Comme son premier roman, « Equador », Miguel Sousa Tavares situe « Rio das Flores » dans le contexte politique du Portugal de la première moitié du vingtième siècle. Le livre raconte le destin d’une famille de grands propriétaires agricoles d’Estremoz, en Alentejo, de 1915 à 1945. La grande Histoire n’est pas seulement évoquée comme contexte, elle se confond avec celle des personnages du récit. La montée du Salazarisme va séparer les deux frères Ribera das Flores, Diogo et Pedro, le premier émigrant au Brésil pour échapper à l’atmosphère étouffante de son pays, le second s’engageant dans la guerre civile aux côtés des Nationalistes espagnols. Le déclenchement de la seconde guerre mondiale rendra irréversible la fracture au sein de la famille, d’un côté et de l’autre de l’Atlantique.
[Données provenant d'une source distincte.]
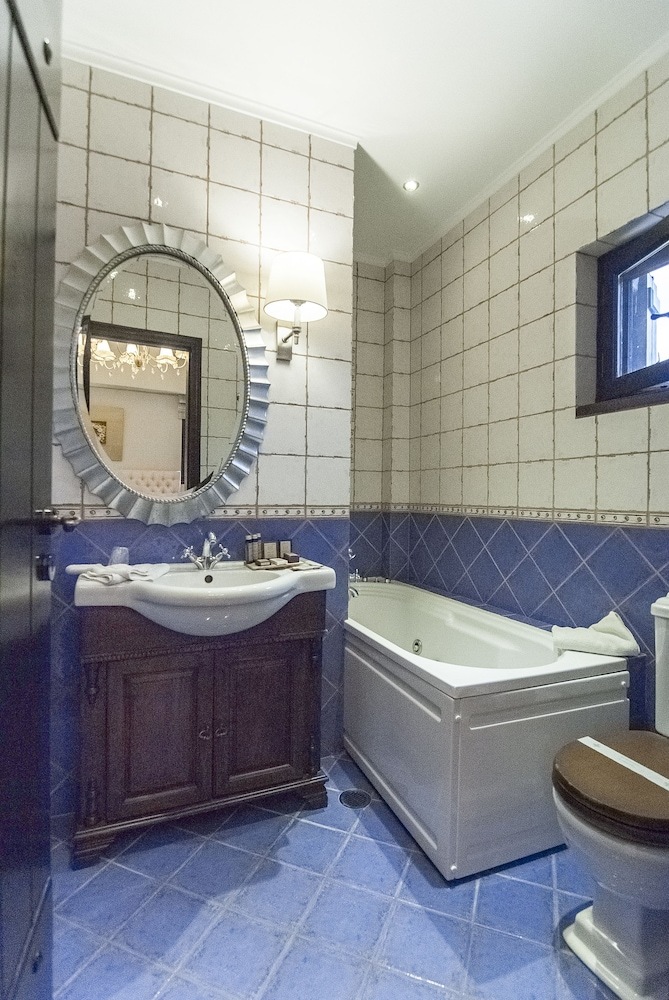 Hotel Ostra Mainalon Luxury Suites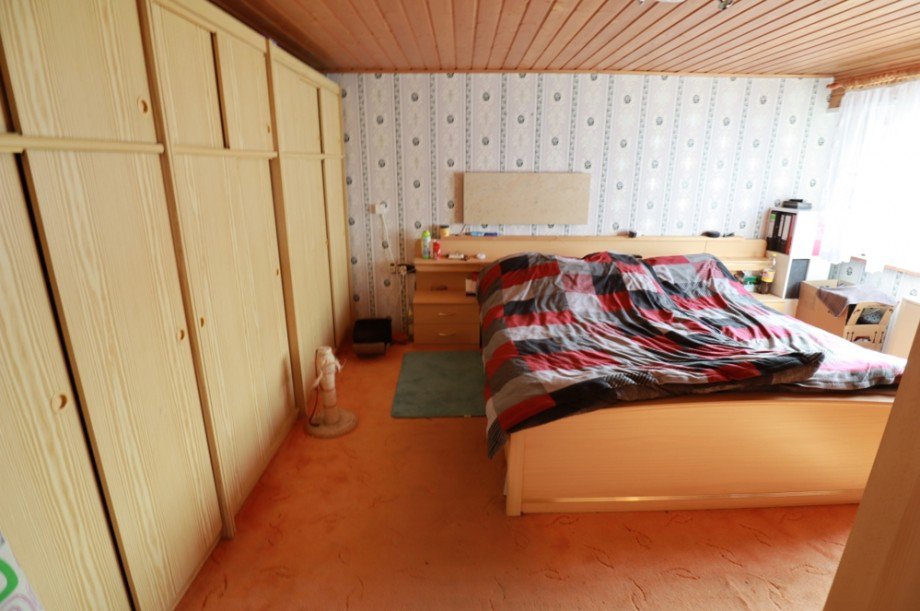 Schlafzimmer OG Doppelhaush�lfte Dielheim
La relation de Diogo et Pedro est faite d’affection, de respect et de loyauté. Ils sont pourtant le parfait contraire l’un de l’autre. Diogo, ingénieur agronome, est un intellectuel épris de grands espaces et de liberté ; Pedro, qui n’a pas fait d’études, a une relation quasi physique avec le domaine familial de Valmonte et se sent en affinité avec la dictature de l’Etat Nouveau. L’un et l’autre revendiquent l’héritage spirituel de leur père, profondément conservateur mais aimant recevoir à sa table des convives d’opinions différentes.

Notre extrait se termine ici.